Holiday Tipping Guide

You already know how to tip your doorman. This guide covers everyone else who makes their living servicing you.

The guys in your company mailroom: Come bonus time, most businesses have no problem screwing over these proud, barely employable men. So, pool together $20 from each of your officemates and disperse the funds evenly -- this should be sufficient to keep them from stealing your Netflix.

Your favorite exotic dancer: Tip whatever you'd spend on her over a typical, multi-lap dance evening -- which could be $100, or $1000, depending on your daringness with the company plastic.

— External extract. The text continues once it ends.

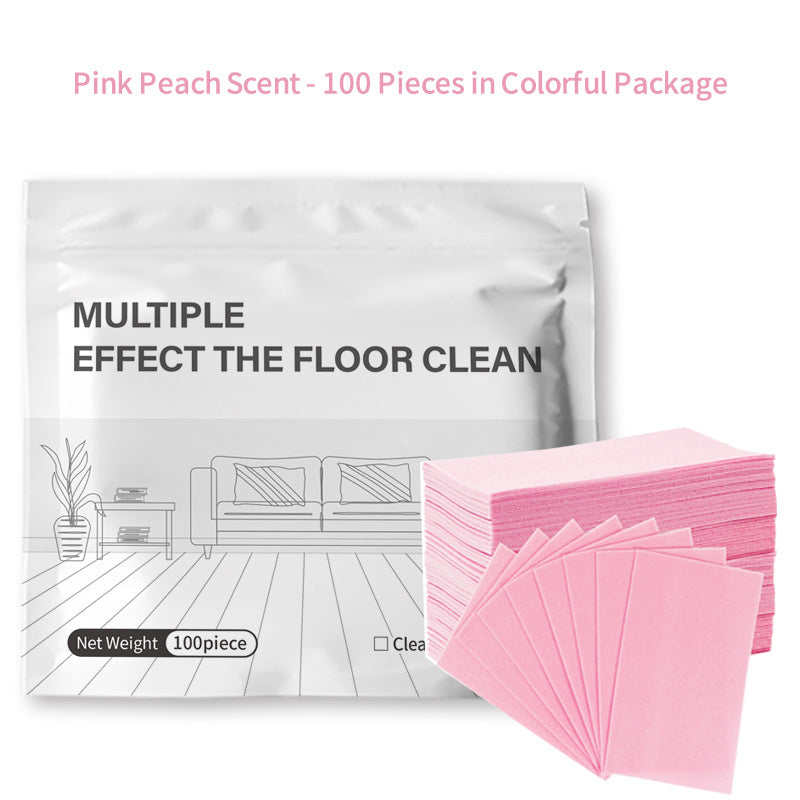 🔥Limited Time 50% Off🧼 100 Piece Floor Cleaning Tablets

The dancers we polled also recommended a certificate for a spa treatment (shows you appreciate the physical grind of grinding) or a department store (shows you understand that she occasionally wears clothes).

Your guy at the deli: His sandwich-making is an art -- an art that's keeping you alive. To determine tip, use this formula:

# sandwiches per week
x
half the cost of your standard order
+
$1 per any addition or substitution made on a regular basis
=
fat holiday tipwich


Your housekeeper: A day's wages. Double that if for any reason she's ever seen your balls.

Your mailman: Federal law prohibits him from accepting cash, but you can give him a gift valued at $20 or less -- the exact range all crappy "Office Santa" gifts fall into. Lucky for you, your mailman loves Lipitor® mouse pads.

Your regular masseuse: Tip the cost of your regular session.
Your special masseuse: Tip the cost of your regular session, then add on your regular "tip".

Your Regular Bartender: He works hard to keep you in the sauce. So, add up the number of drinks he serves you in an average week:

each bottled beer = $1

draught beers/unshaken cocktails = $2

Shaken cocktails = $3

Muddled cocktails = $4


Additionally, add $5 per each episode of on-premise vomiting.